Featured Artwork: “Tears” by Danielle Hark
I never knew rage before. Anger, disappointment, frustration, but never rage. It starts from the abdomen and builds with fury as it travels through your torso and into your arms. Your biceps and chest pulsate with flashes of energy like lightning waiting to strike.
I panted as my eyes scanned my apartment: furniture flipped, mail covering the floor, my mattress thrown from the bed. I wanted to destroy something, anything. The mirror caught my eye.
“Not the mirror. I could never explain that.”
No amount of destruction satisfied the pain that ached within me. My blinding rage was a vivid red and a harsh black. It gave birth to my darkest urges—images, momentary fantasies of ending my betrayer’s life. I danced with the darkness of my soul. I wasn’t a person anymore. I feared what I might do.

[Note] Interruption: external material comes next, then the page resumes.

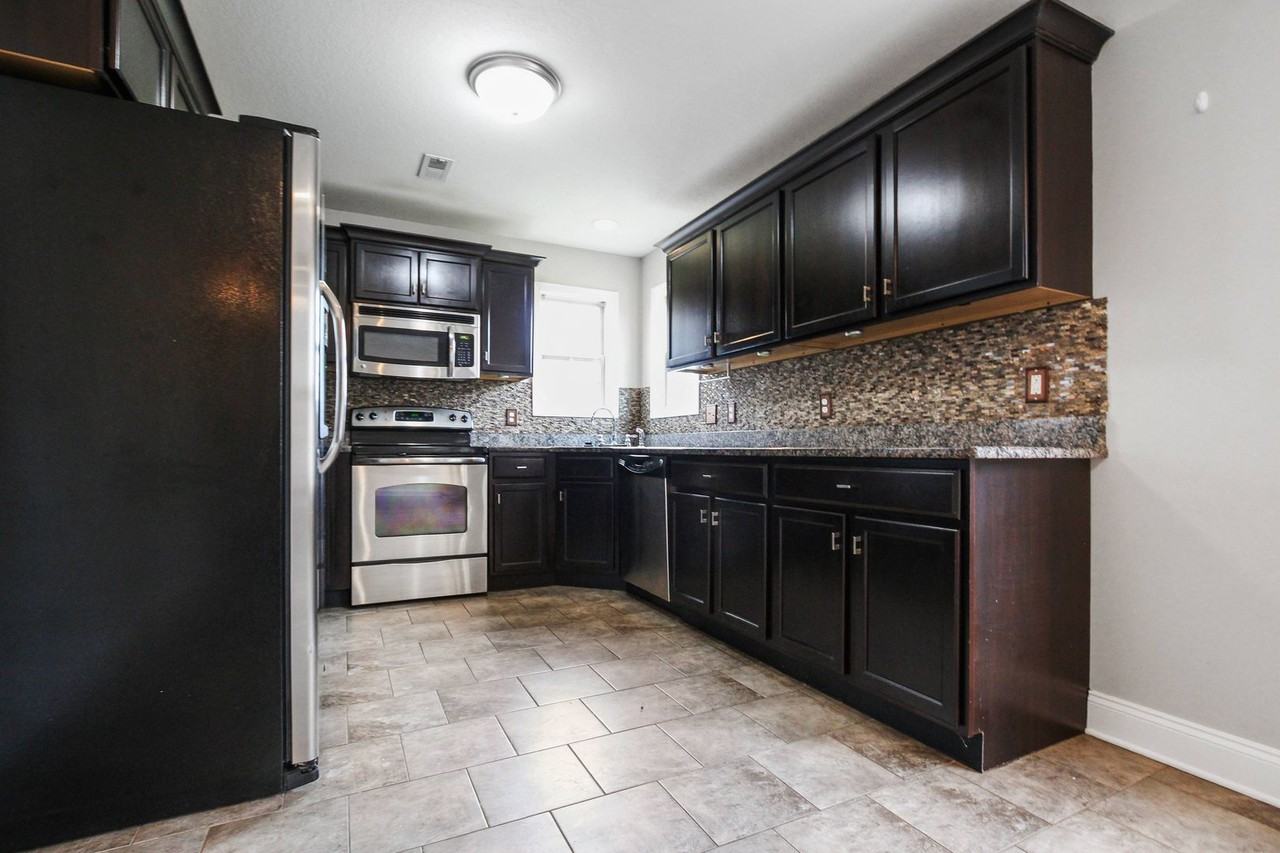 1290 Snowball Ln - Photo 5 of 20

I acted on impulse. I acted in desperation. Seething agony instantly emerged from my body like a loose smoke. Overcome with calmness, I went limp.
This is why people do it. This is why they cut.
Agony and suicidal ideation were my master for months. But, in that moment, neither was a match for the sleek, sharp edge of a knife.
Exacerbated, I glanced at a small cut on my forearm, and recalled my rational thoughts as I took the smooth, deliberate action, “You can’t leave a scar. When you get through this, you won’t want people to know this happened.”